11 – Blake used to say, when his energies were diverted from his drawing or writing, “that he was being devoured by jackals and hyenas.”

12 – (William Blake) “I should be sorry if I had any earthly fame, for whatever natural glory a man has is so much detracted from his spiritual glory. I wish to do nothing for profit. I wish to live for art. I want nothing whatever. I am quite happy.”

13 – (William Blake) “Sooner strangle an infant in its cradle than nurse unacted desires.”

19 – But the moment I read Van Gogh’s letter I knew what art was, and the creative impulse. It is a feeling of love and enthusiasm for something, and in a direct, simple, passionate and true way, you try to show this beauty in things to others, by drawing it.

22 – (Van Gogh) “In a few years I must finish a certain work. I need not hurry myself; there is no good in that—but I must work on in full calmness and serenity, as regular and concentratedly as possible, as briefly and concisely as possible.”

22 – (Van Gogh) “The world only concerns me in so far as I feel a certain debt and duty towards it and out of gratitude want to leave some souvenir in the shape of drawings or pictures,—not made to please a certain tendency in art, but to express sincere human feeling.”

25 – … I try not to rail against what I have not experienced myself.

25 – … writing is not a performance but a generosity.

30 – So they (the great artists) dare to be idle, i.e., not to be pressed and duty-driven all the time. They dare to love people even when they are very bad, and they dare not to try and dominate others to show them what they must do for their own good. For great and creative men know what is best for every man is his own freedom so that his imagination… can grow in its own way, even if that way, to you or to me, or to policemen or churchgoers, seems very bad indeed.

103 – In writing one must be bold, free and truthful. Being truthful keeps one from the boldness that means showing off…

112 – And do not try to be consistent, for what is true to you today may not be true at all tomorrow, because you see a better truth.

113 – Perhaps that is why the Russians translate so well, because the important thing to them is what they felt, saw and thought.

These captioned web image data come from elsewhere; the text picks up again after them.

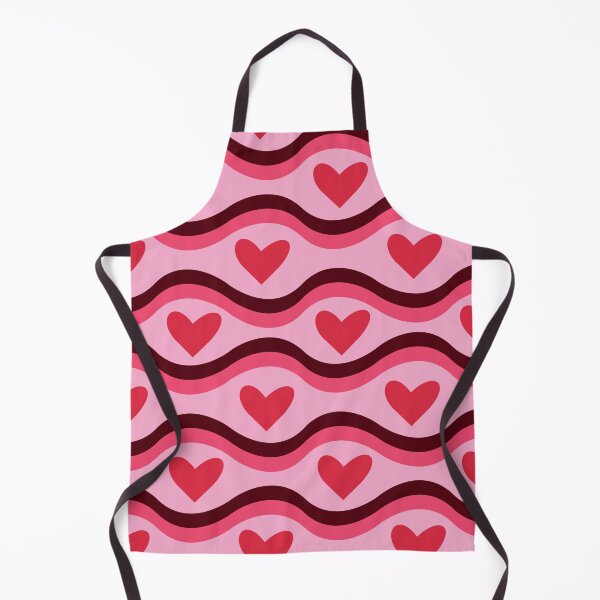 Item preview, Red Hearts on Groovy Retro Waves Pattern  designed and sold by Yasminepatterns .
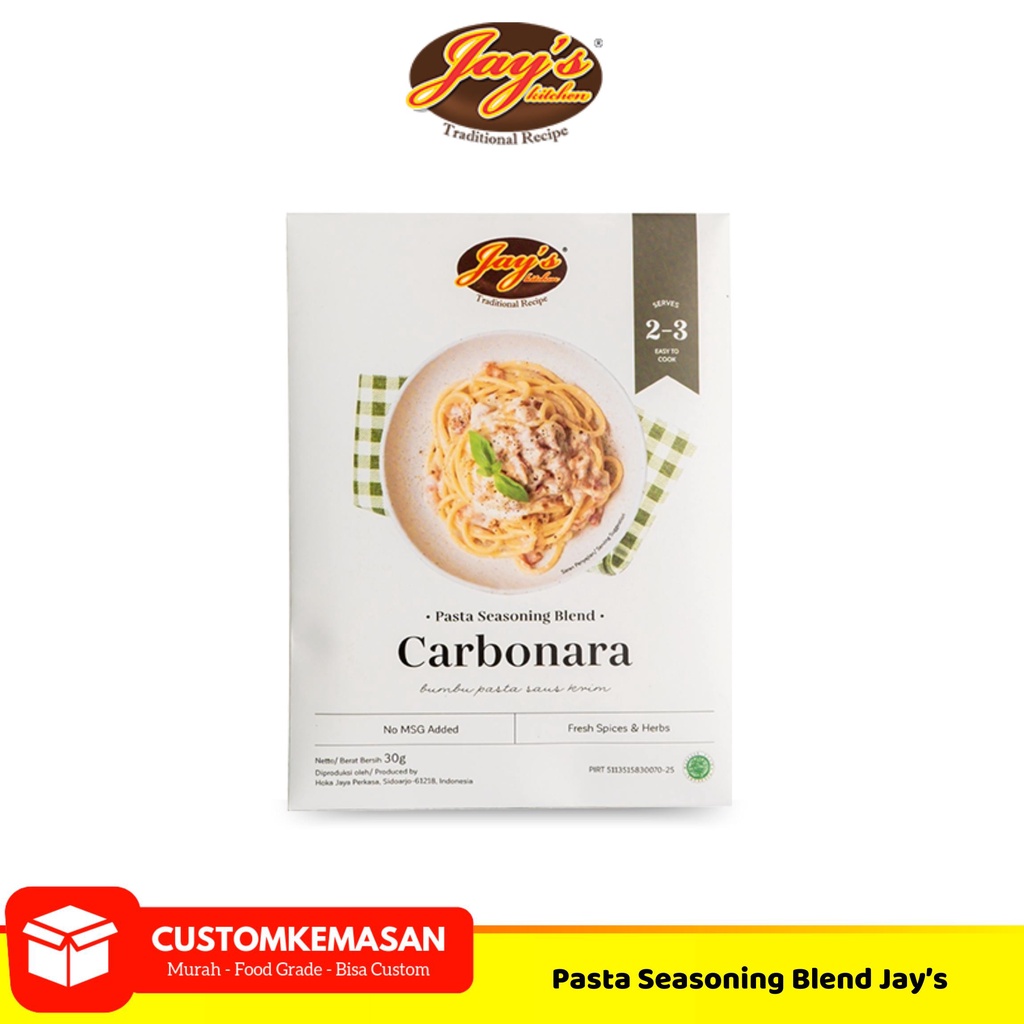 

Jays Carbonara Pasta Seasoning Blend / Carbonara Pasta / Saos Bolognese / Saus Spaghetti / Bolognese Sauce / Saos Spageti Bolognese / Jays Pasta Seasoning Blend / Bumbu Pasta Spaghetti / Bumbu Spaghetti / Bumbu Instan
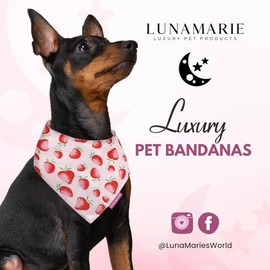 LunaMarie - Bandanas de lujo para perro, diseños adorables, tela de poliéster de alta calidad y sedosa, 100% hecha a mano, forma personalizada, reversible, pequeña, mediana y grande, bufanda para gatos (fresa, mediana)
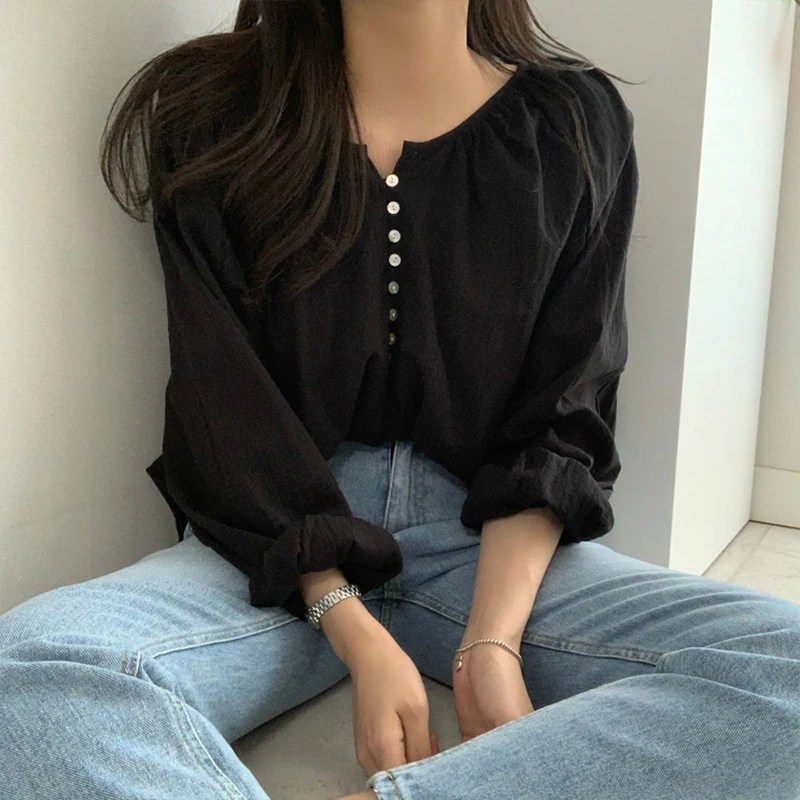 Hstar 2021 Spring and Autumn Solid White Shirts Blouses Long Sleeve Single Breasted Korean Chic Fashion Clothes Women Tops
Hstar 2021 Spring and Autumn Solid White Shirts Blouses Long Sleeve Single Breasted Korean Chic Fashion Clothes Women Tops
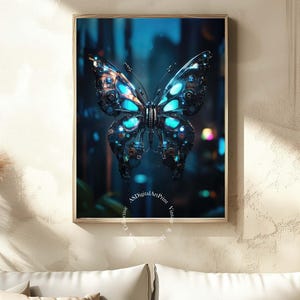 Cyberpunk Butterfly – Arte murale futuristica al neon, stampa decorativa da parete, stampa digitale, stampa su qualsiasi supporto, arredamento per la casa, download immediato.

Life is more important to them than literature.

124 – For in fiction, Chekov said, you can pose a question… but you must not answer it. As soon as you answer it the readers know you are lying, i.e., forcing your characters to prove something.

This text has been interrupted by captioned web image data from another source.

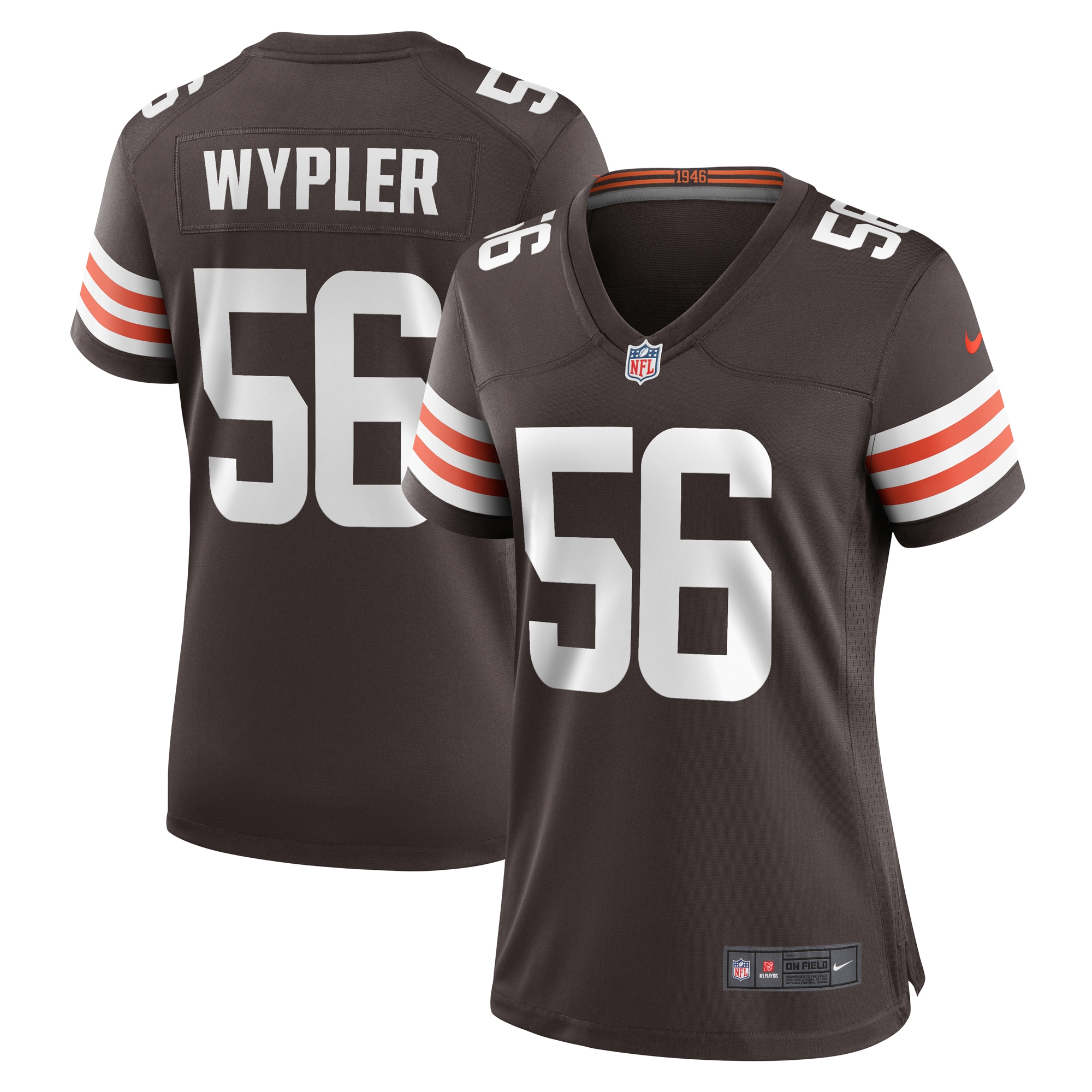 Women's Cleveland Browns Luke Wypler Brown Team Game Jersey JS9540 nicesnker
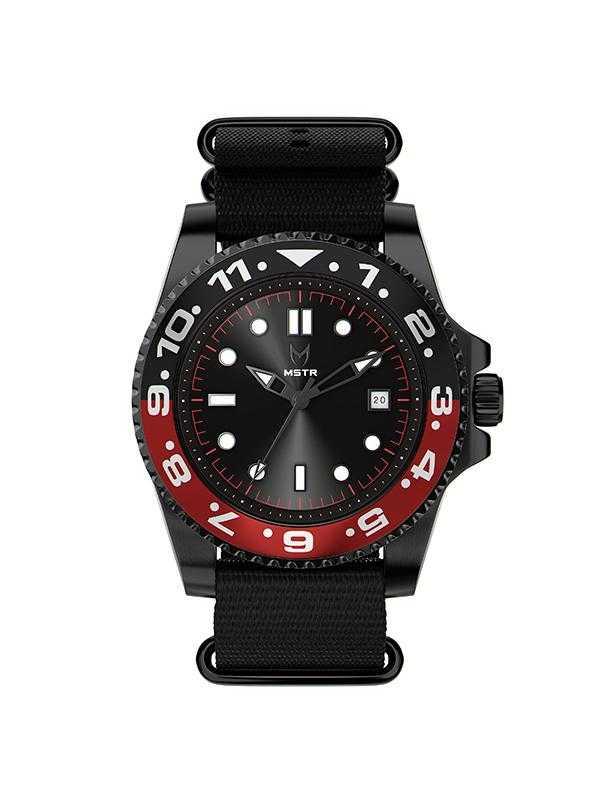 VO102NB - VOYAGER BLACK / RED / NATO BAND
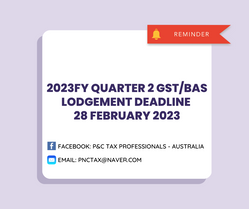 Business in Australia (ABN):: 2023FY Quarter 2 GST/BAS Lodgement Deadline (28/02/2023)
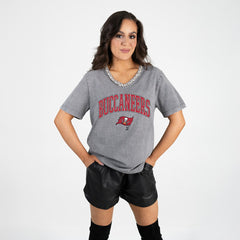Tampa Bay Buccaneers Gameday Couture Women's Relaxed Iconic Edge Rhinestone V-Neck T-Shirt Gray - NFL
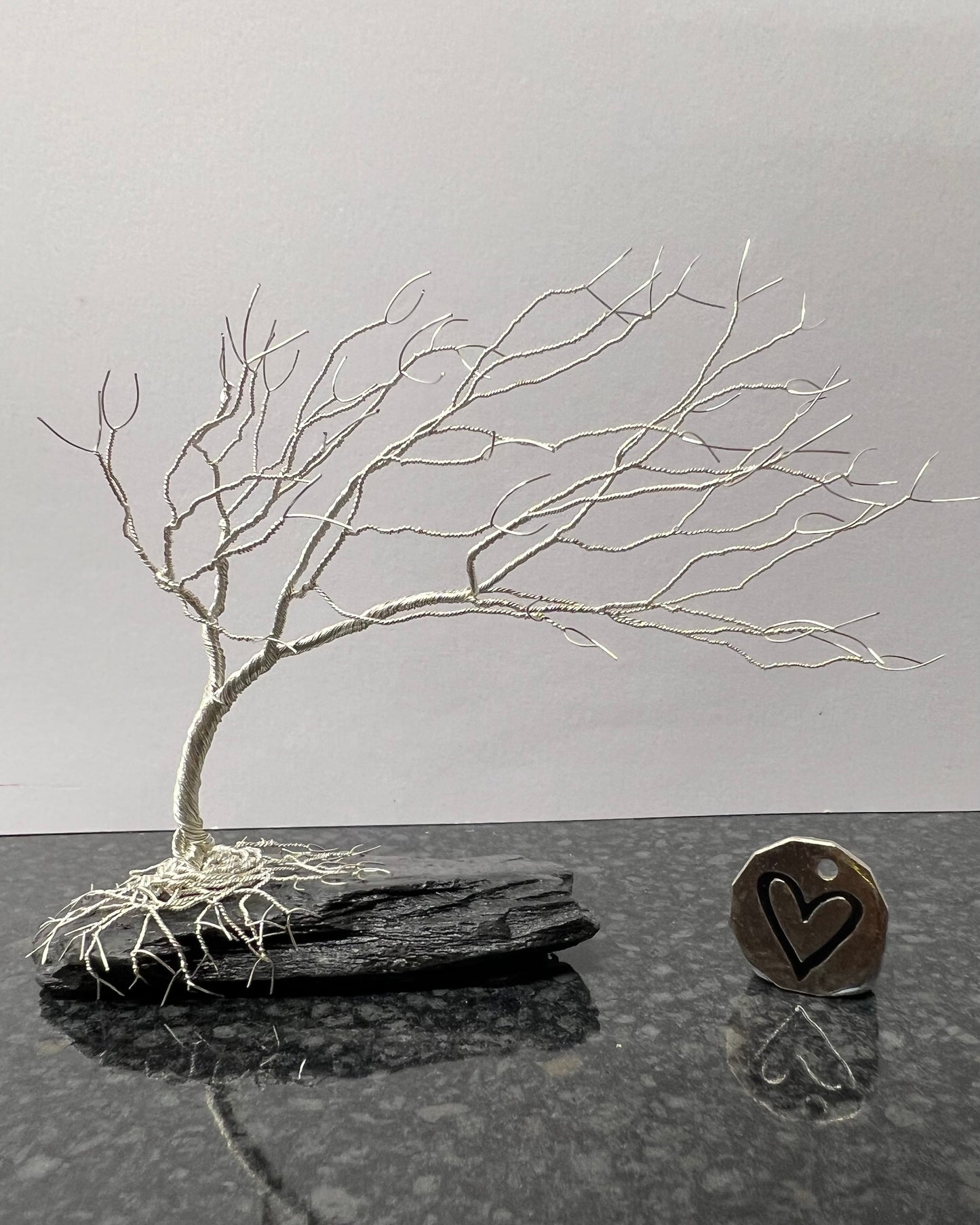 Windswept Celtic Tree Sculpture - Silver (plated) on Slate- Medium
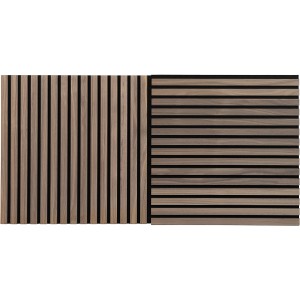 Akustikpaneel Wandverkleidung Walnuss MDF Schw. Akustikfilz Schwarz 60 cm 2 St.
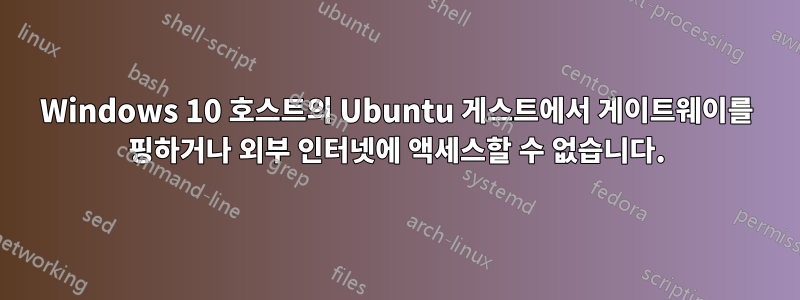 Windows 10 호스트의 Ubuntu 게스트에서 게이트웨이를 핑하거나 외부 인터넷에 액세스할 수 없습니다.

126 – (Chekov) Out of respect for other people’s ears they are often silent.

135 – (Chekov) “For a lie is even more annoying in a story than conversation.”

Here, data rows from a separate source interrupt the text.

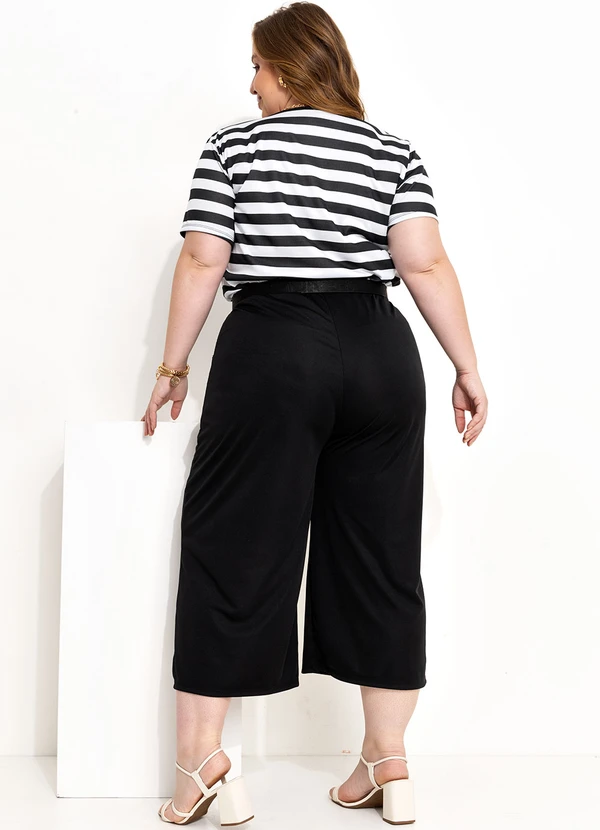 Marguerite - Calça Preta Cropped com Botão 4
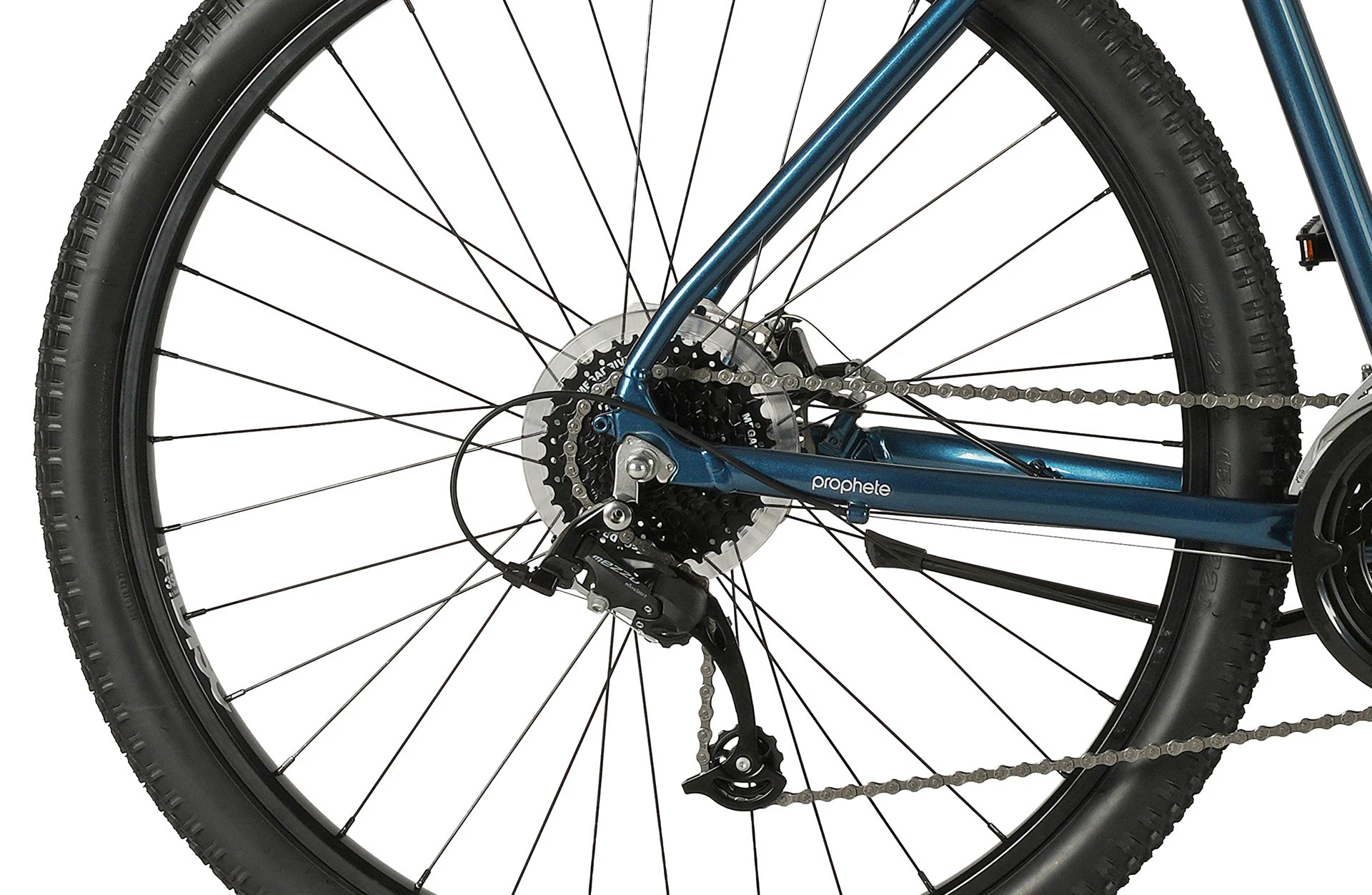 Dice 100 Mountainbike - Detailansicht Schaltung auf weißem Grund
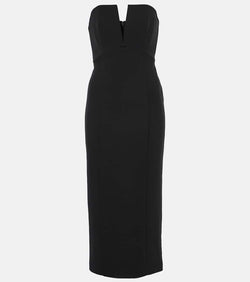 Roland Mouret Strapless silk-blend midi dress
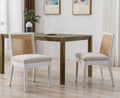 Beige Rattan Dining Chairs Set of 2 with White Hardwood Frame H724733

136 – If you can at last see it clearly the writing is easy.

156 – And so try this yourself when you write an article. Do not worry about the whole. Write what is next, the idea that comes now at the moment. Don’t be afraid. For there will be more coherence and arrangement in your thoughts than you think.

158 – But this is the point: everybody in the world has the same conviction of inner importance, fire, of the god within. The tragedy is that either they stifle their fire by not believing in it and using it; or they try to prove to the world and themselves that they have it, not inwardly and greatly, but externally and egotistically, by some second-rate thing like money or power or more publicity.

Therefore all should work. First because it is impossible that you have no creative gift. Second: the only way to make it live and increase is to use it. Third: you cannot be sure that it is not a great gift.

175 – Later if you find what wrote isn’t true, accept the new truth. Consistency is the horror of the world.